Required work: Please set down the data again exactly, minus the pictures.

Given data:

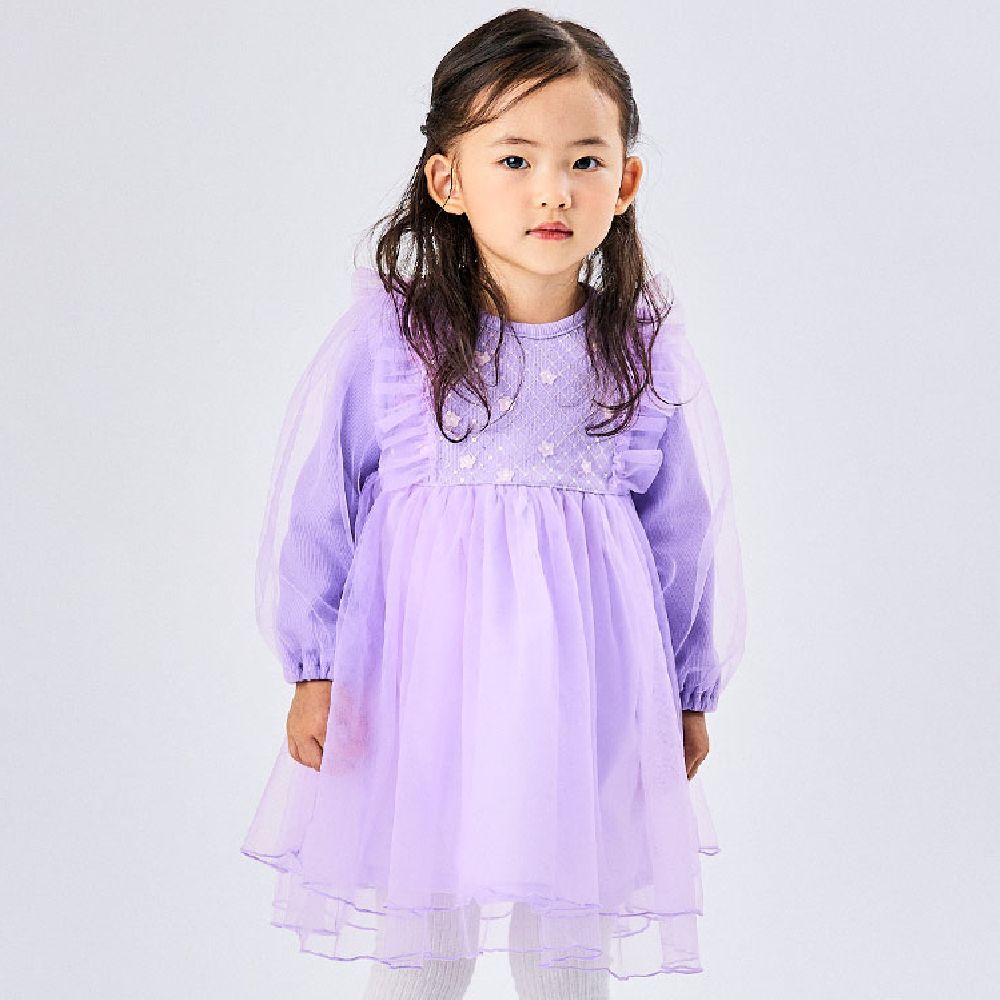 韓國 OZKIZ - 花朵亮片點綴公主網紗洋裝-紫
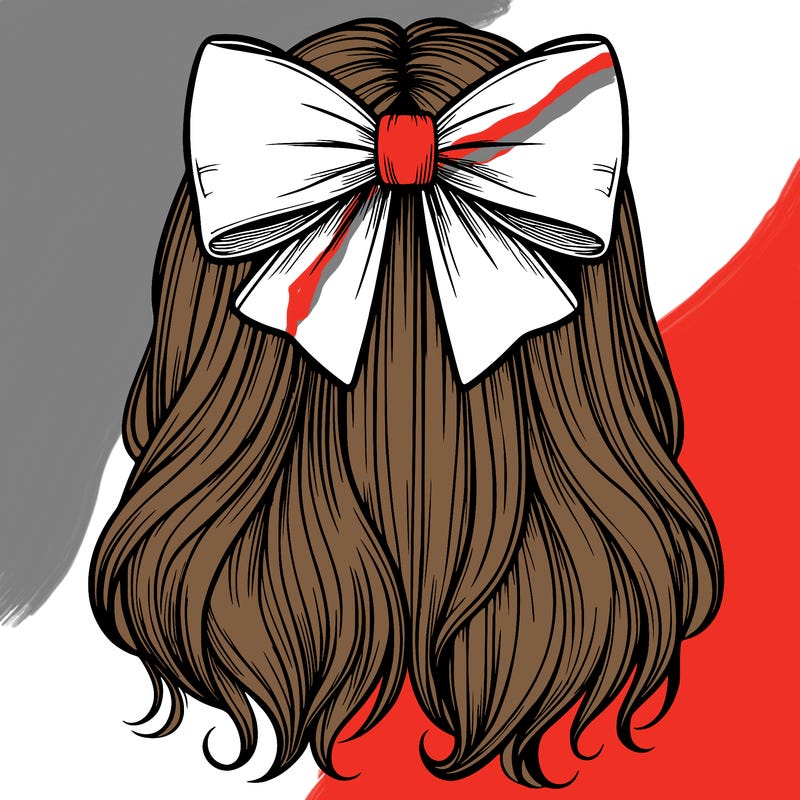 a realistic bow in girls hair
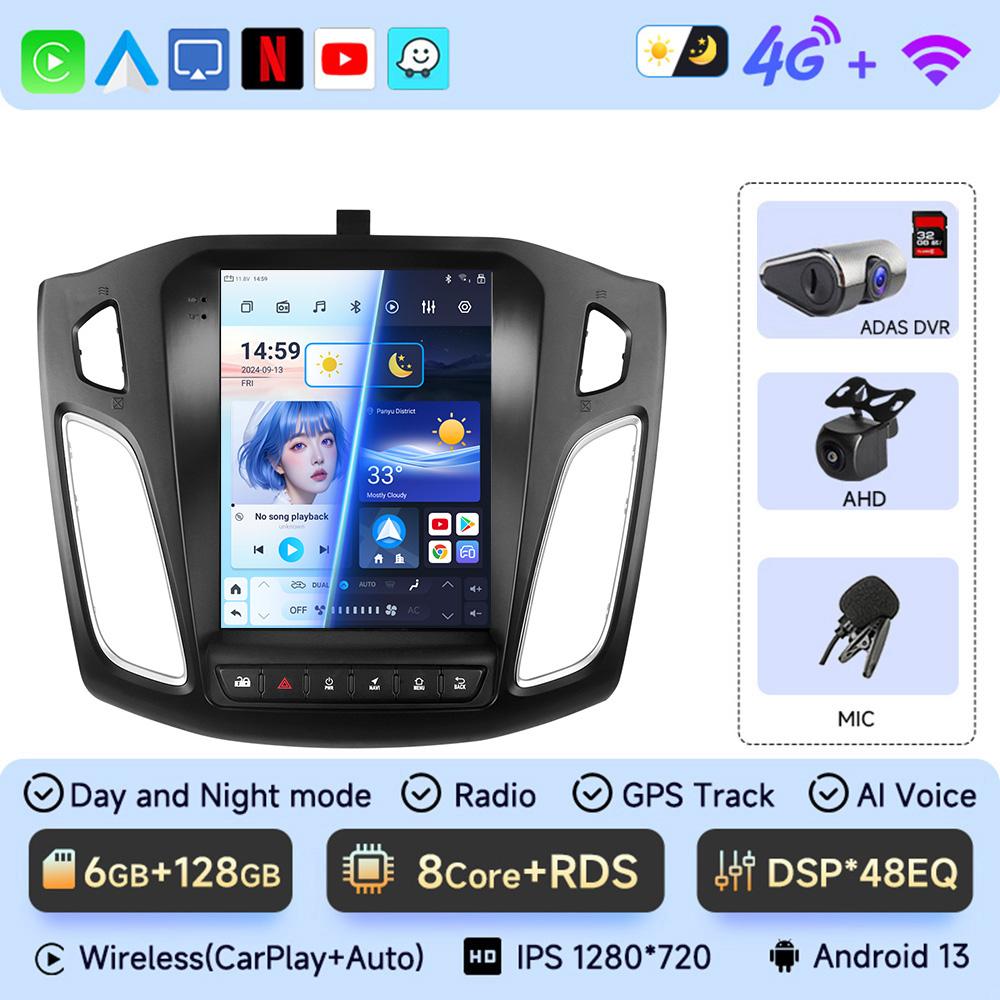 Android 13 Автомобильное радио для Ford Focus Mk3 2011-2017 Мультимедийный проигрыватель 2Din Навигация Carplay Головное устройство Стерео 9,7-дюймовые динамики Аудио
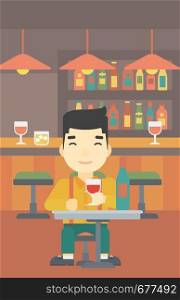 An asian man sitting at the table with glass and bottle of wine. Man drinking wine at bar. Man enjoying a drink at wine bar. Vector flat design illustration. Vertical layout.. Man drinking wine at restaurant.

Answer for this exercise:
 韓國 OZKIZ - 花朵亮片點綴公主網紗洋裝-紫
 a realistic bow in girls hair
 Android 13 Автомобильное радио для Ford Focus Mk3 2011-2017 Мультимедийный проигрыватель 2Din Навигация Carplay Головное устройство Стерео 9,7-дюймовые динамики Аудио
 An asian man sitting at the table with glass and bottle of wine. Man drinking wine at bar. Man enjoying a drink at wine bar. Vector flat design illustration. Vertical layout.. Man drinking wine at restaurant.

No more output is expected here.